Besides, there is a "new flang" frontend (formerly called f18) written from scratch, now developed as an official LLVM project. However, it isn't fully functional yet and still depends on another compiler to do the actual work, see this mailing list post.

EasyBuild

EasyBuild currently includes various LLVM packages which are used as dependencies by, for example, Mesa, numba, and Rust. Recent versions are built on top of GCCcore, and only include the core LLVM libraries and tools.

In addition, there are various Clang easyconfigs. Again, recent versions are (usually) built on top of GCCcore. These can be used as a stand-alone compiler, but are also used as dependencies by various packages, such as pocl, TRIQS, and Longshot, and could be used by additional packages such as Score-P and Doxygen. This is due to also providing libraries for source-code parsing and processing. The Clang packages build their own copy of LLVM, and include other LLVM projects such as an OpenMP runtime library, the lld linker, the libc++ C++ Standard Library, and the polly polyhedral optimizer, though not all of those components are used by default with the current configuration.

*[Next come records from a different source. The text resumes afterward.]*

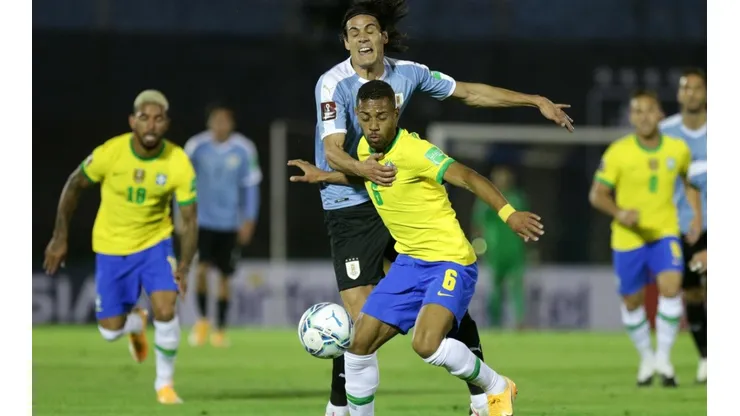 Uruguay buscará volver al triunfo ante una Brasil que viene de ceder sus primeros puntos en Eliminatorias.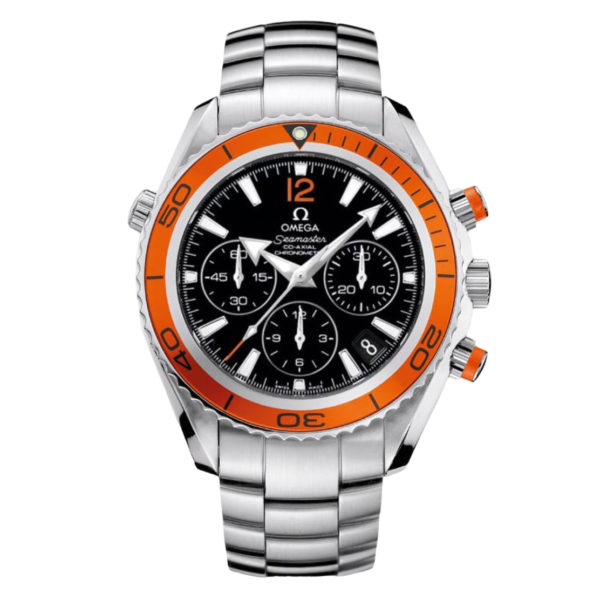 Товар Omega Seamaster Planet Ocean 600M Chronograph 42,5mm Orange Steel Фото 1 - Omega Seamaster Planet Ocean 600M Chronograph 42,5mm Orange Steel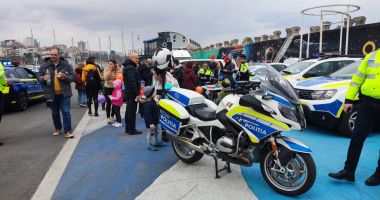 POLIȚIA, la DOUĂ SECOLE DE EXISTENȚĂ! Dotările IPJ Constanța, bucuria copiilor, în Portul Tomis - 2
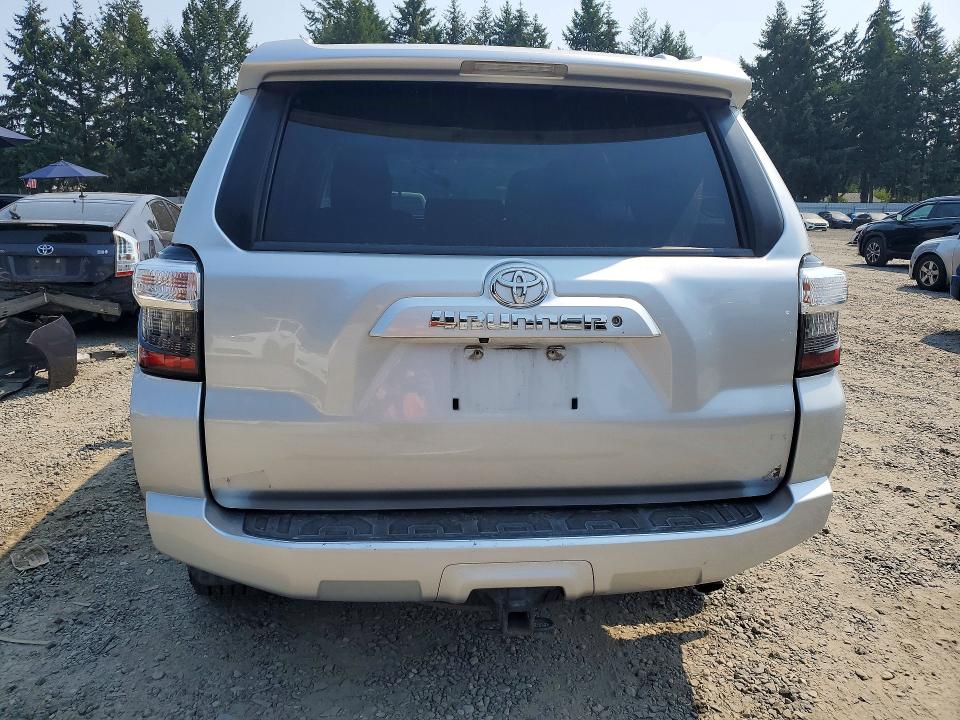 2018 Toyota 4runner VIN JTEBU5JR9J5536646 COPART salvage auction — SIDE, WA - BILL OF SALE, sold $8,900 on 2026-08-21 (photo 6)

There has been some work on packaging "legacy flang" (see https://github.com/easybuilders/easybuild-easyconfigs/pull/8335 and https://github.com/easybuilders/easybuild-easyblocks/pull/1729), however, the question is whether it is worth putting more effort into this since things might change considerably with the "new flang".

Possible ways to organize things in EasyBuild

  1. Build full Clang (including lld, libraries, etc.) using an existing LLVM built with GCCcore as dependency

    • Pros:
      • Reduces redundancy
    • Cons:

      • Building LLVM projects out-of-tree is basically undocumented. Therefore, it is unclear how projects interrelate to each other and how to configure things correctly. However, some information could be extracted from the Fedora RPM specs (e.g., for Clang).
      • The LLVM OpenMP library by default installs symlinks for libgomp and libiomp5, i.e., the OpenMP runtimes of the GCC and Intel compilers, as it implements both APIs. Thus, the order in which modules are loaded determines which runtime is found by ld.so and affects the runtime behavior of codes using OpenMP.

      Creating these symlinks can be disabled via a CMake configuration option, but doing so may lead to simultaneously using two different OpenMP runtimes if some OpenMP code compiled with Clang is linked to a library built with GCCcore also using OpenMP.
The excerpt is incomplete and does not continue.